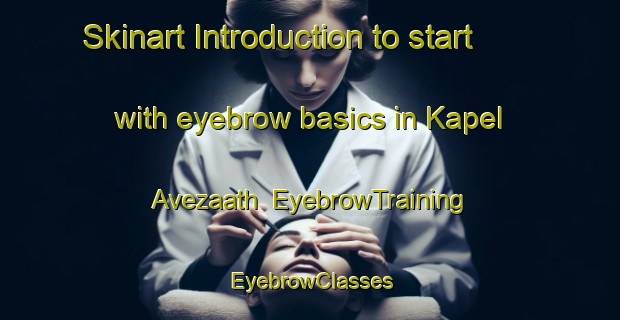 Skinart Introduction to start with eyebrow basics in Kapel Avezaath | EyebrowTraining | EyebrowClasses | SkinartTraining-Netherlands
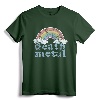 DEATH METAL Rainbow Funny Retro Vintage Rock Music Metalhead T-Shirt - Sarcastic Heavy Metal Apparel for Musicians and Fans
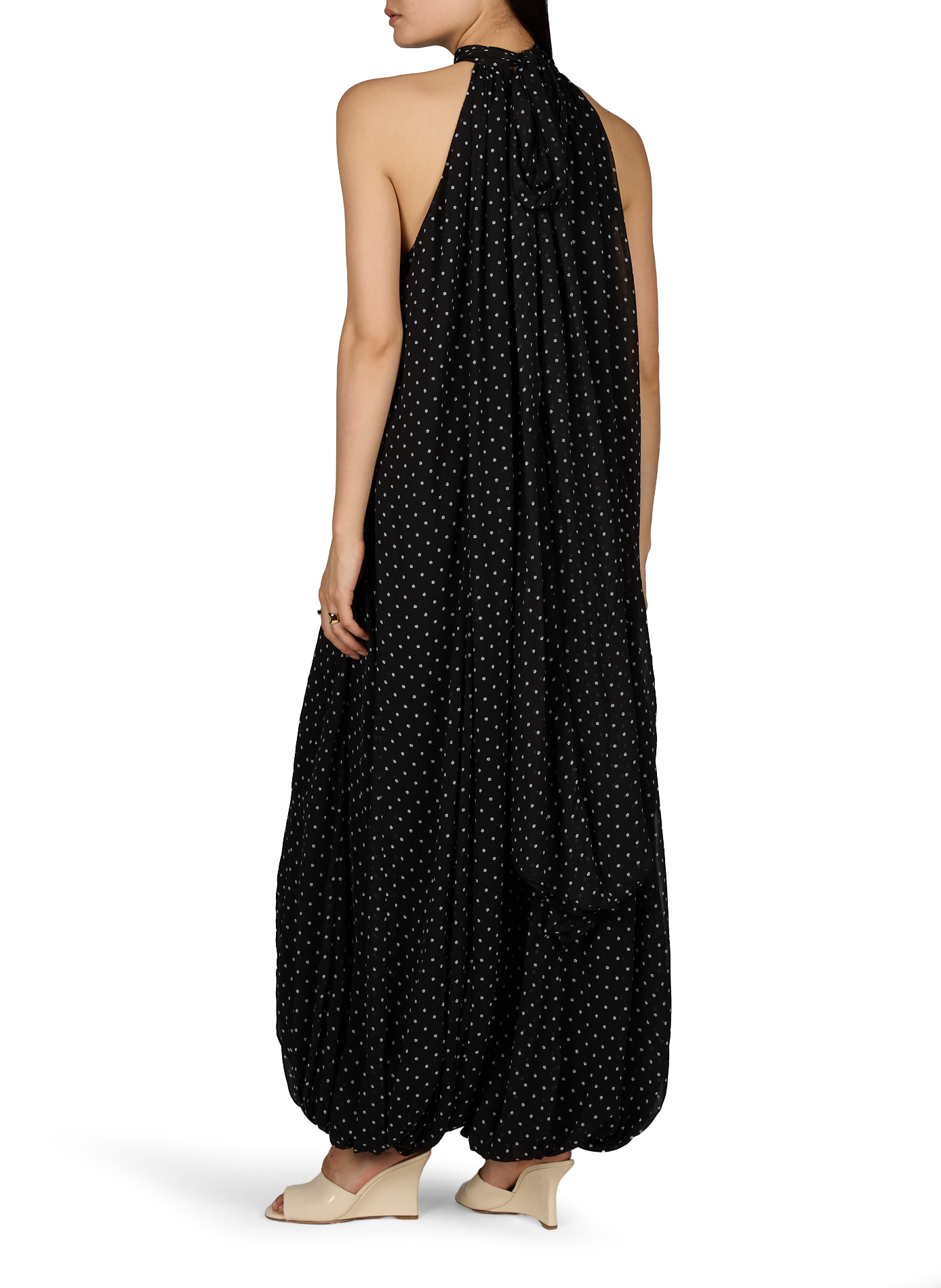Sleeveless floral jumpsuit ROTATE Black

##############################

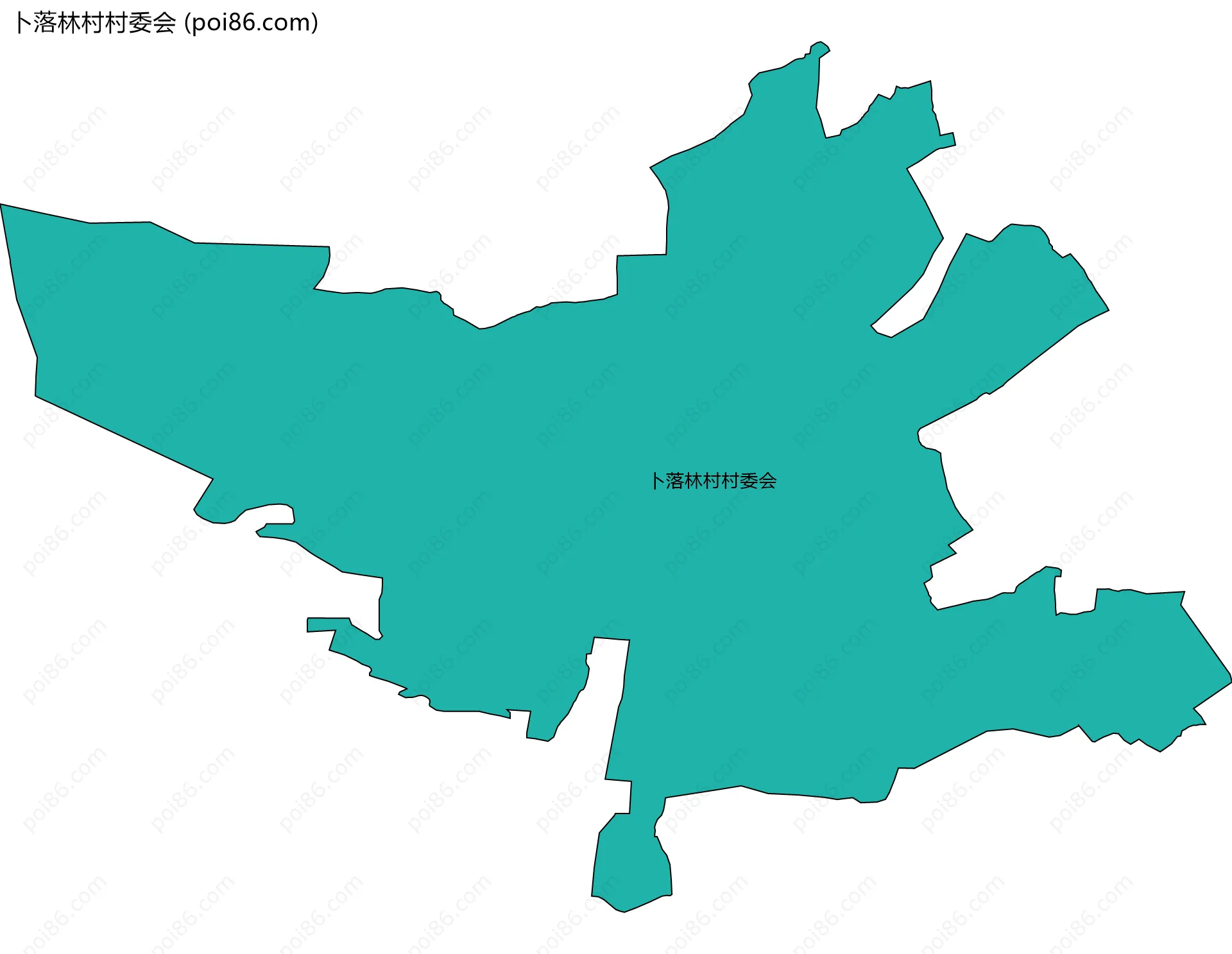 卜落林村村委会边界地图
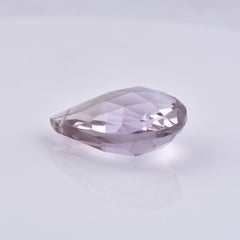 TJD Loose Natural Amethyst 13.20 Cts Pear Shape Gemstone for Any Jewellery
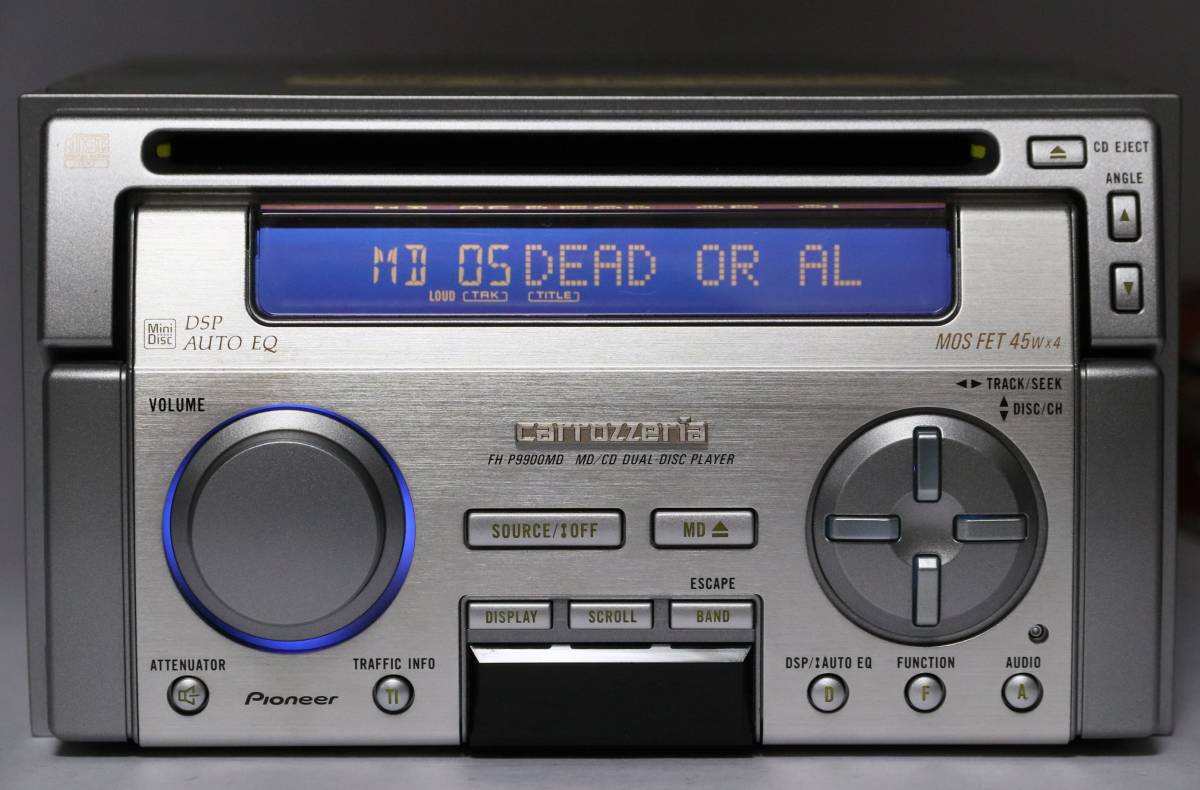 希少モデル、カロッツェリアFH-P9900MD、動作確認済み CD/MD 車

##############################

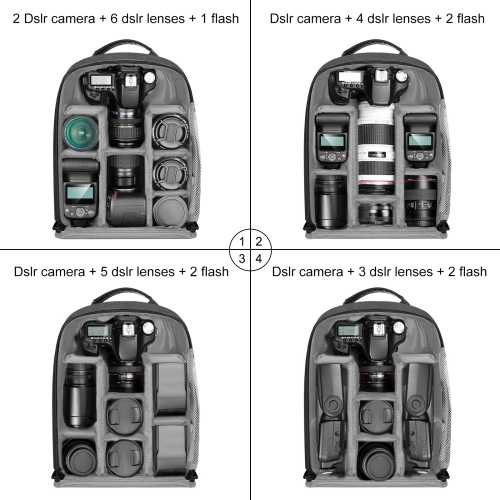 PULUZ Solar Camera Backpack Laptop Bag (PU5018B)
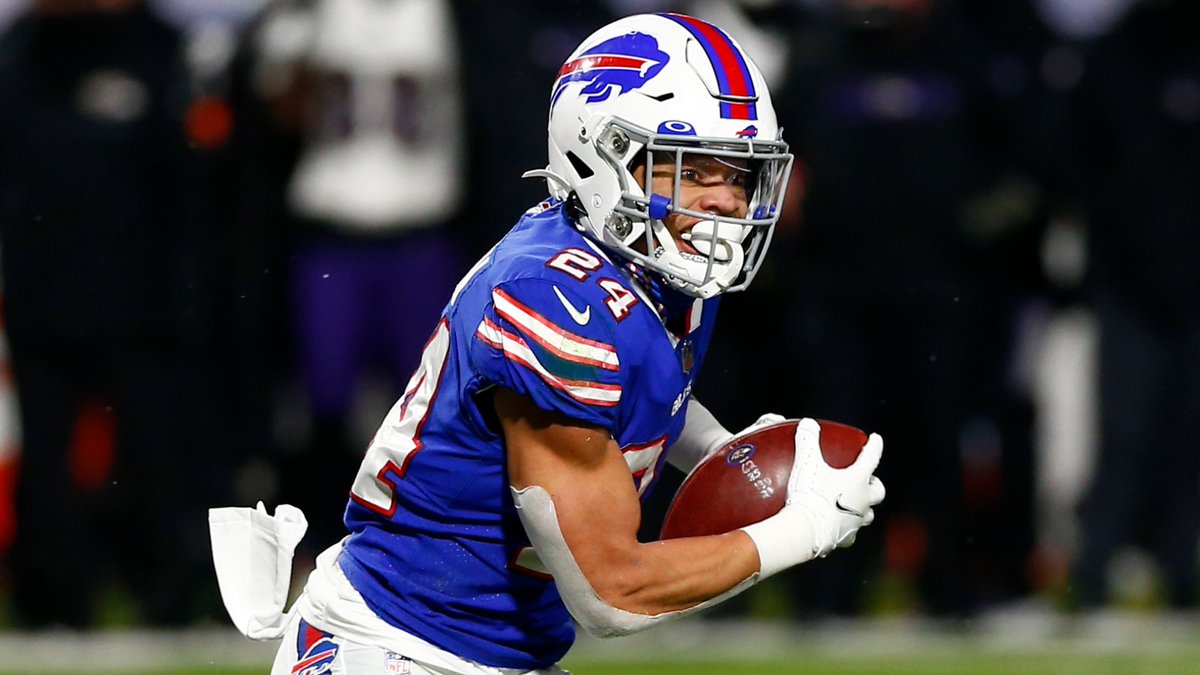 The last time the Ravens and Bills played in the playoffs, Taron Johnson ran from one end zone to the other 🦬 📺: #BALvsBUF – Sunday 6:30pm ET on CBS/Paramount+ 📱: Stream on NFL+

##############################

Transcribe exactly the lines above, beginning at the one with "TJD Loose Natural" and going up to and including the one with "希少モデル、カロッツェリアFH-P9900MD、動作確認済み CD/MD 車". Pictures do not belong in the copy.

 TJD Loose Natural Amethyst 13.20 Cts Pear Shape Gemstone for Any Jewellery
 希少モデル、カロッツェリアFH-P9900MD、動作確認済み CD/MD 車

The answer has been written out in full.